WHAT NEEDS TO BE DONE: In the material below, find the line with "imoshion Design hoesje" and the line with "Футболка оверсайз женская". Output exactly those two lines and all lines between them, leaving out pictures.

MATERIAL FOR THIS EXERCISE:
*****
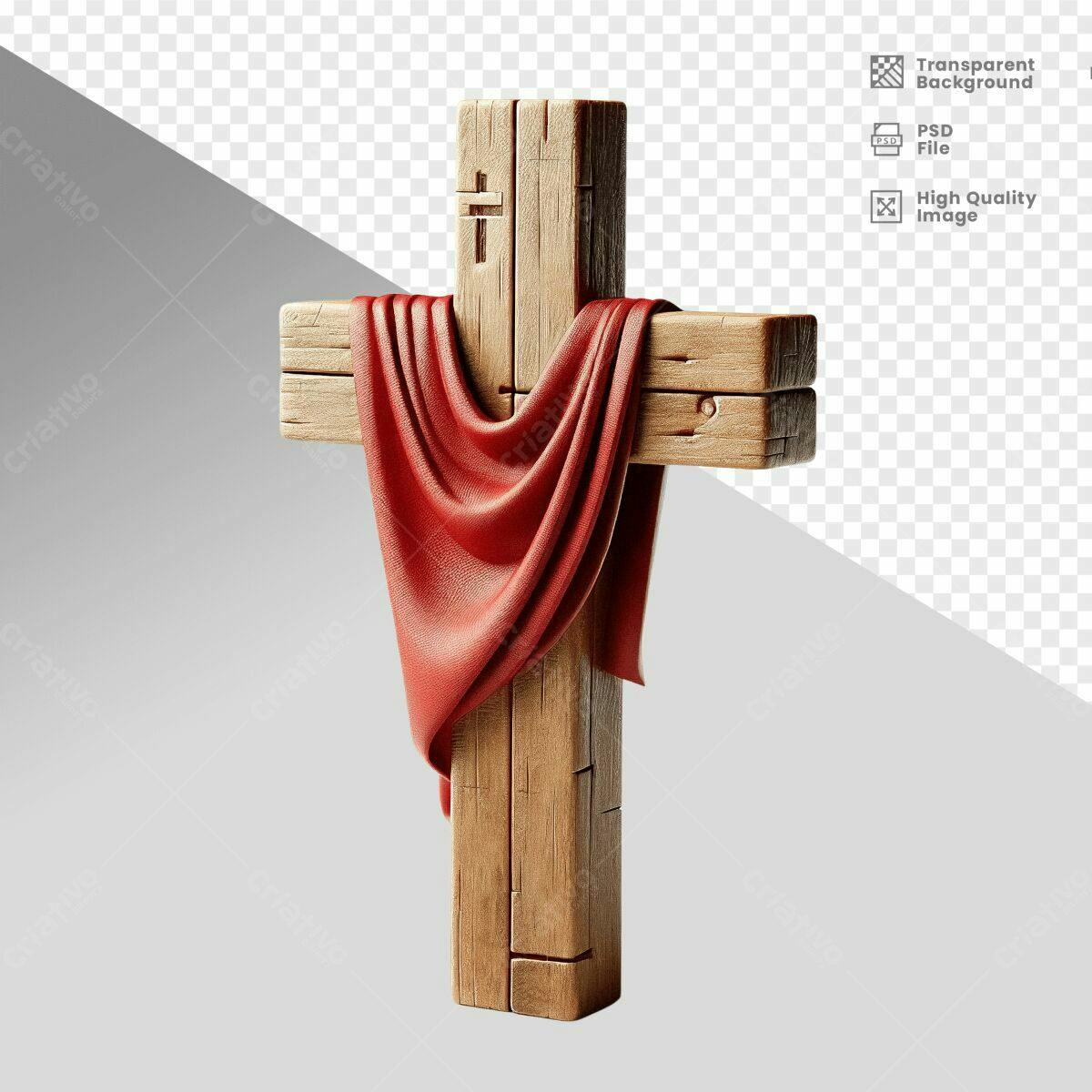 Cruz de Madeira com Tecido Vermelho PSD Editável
*****
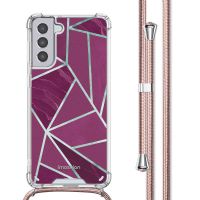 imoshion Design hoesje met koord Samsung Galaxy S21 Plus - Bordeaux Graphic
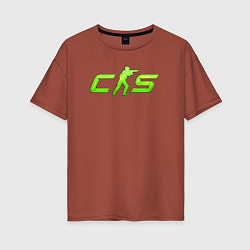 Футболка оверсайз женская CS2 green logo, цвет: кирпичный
*****
SOLUTION FOR THIS EXERCISE:
 imoshion Design hoesje met koord Samsung Galaxy S21 Plus - Bordeaux Graphic
 Футболка оверсайз женская CS2 green logo, цвет: кирпичный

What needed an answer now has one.